Tuesday, November 3, 2009

Delayed Gratification, NOT Putting My Life on Hold

One thing I am trying very hard to do, and it's been an overarching theme in my life lately, is to enjoy where I am at any given time. Instead of constantly obsessing over where I'd really like to be - which, for the past few years, has been Europe.

The problem, for me, is that I am so familiar with the places I've been living the last decade and I'm now yearning to experience some very different environments...but can't quite yet. Or rather, I could, but am choosing to fulfill a couple of obligations first.

And it's kind of hard not to think that, given the train of events, that fate is taking a hand.

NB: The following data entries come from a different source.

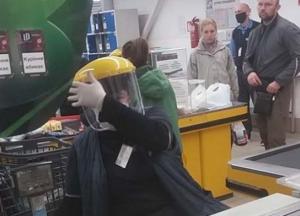 В днепровских супермаркетах АТБ кассиры теперь работают в шлемах (фото) 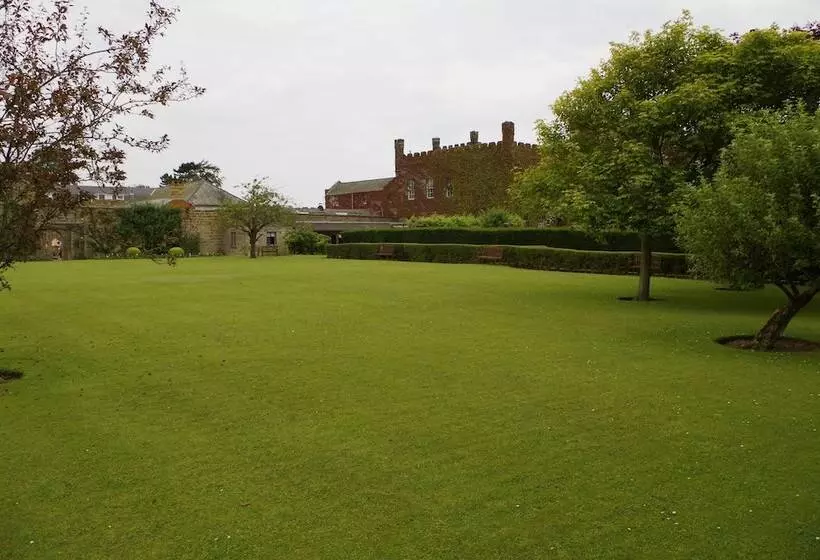 تختخواب و صبحانه Sneaton Castle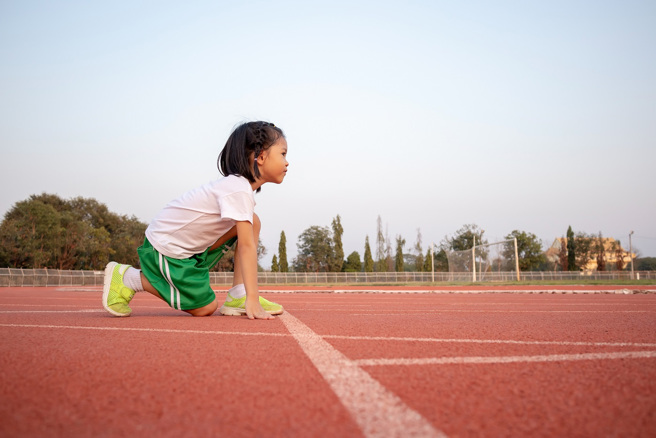 美国一名7岁女童参加田径比赛，在起跑时鞋子意外掉落，但她仍不放弃，最终逆袭夺冠。(示意图/达志影像)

For the last several years, and particularly the last year in Florida, I've been mostly responsible for my mother. When my younger daughter informed me, several months ago, that she could really use my help, it was time to make other arrangements. This was not really a problem, because my sister wanted my mother to go live with her and my mother wanted to go live with my sister.

Problem solved.

Except, just as I was delivering her to my brother for one last month long visit, my mother had a stroke.

I mean, literally, it's been determined that she had the stroke at some point during the 5 hour drive from Florida to Louisiana.

Soooo...that, naturally, postponed my departure.

Still, there was a definite deadline at which time I needed to be at my daughter's house, and I finally began my cross country road trip. About 3 weeks later than planned.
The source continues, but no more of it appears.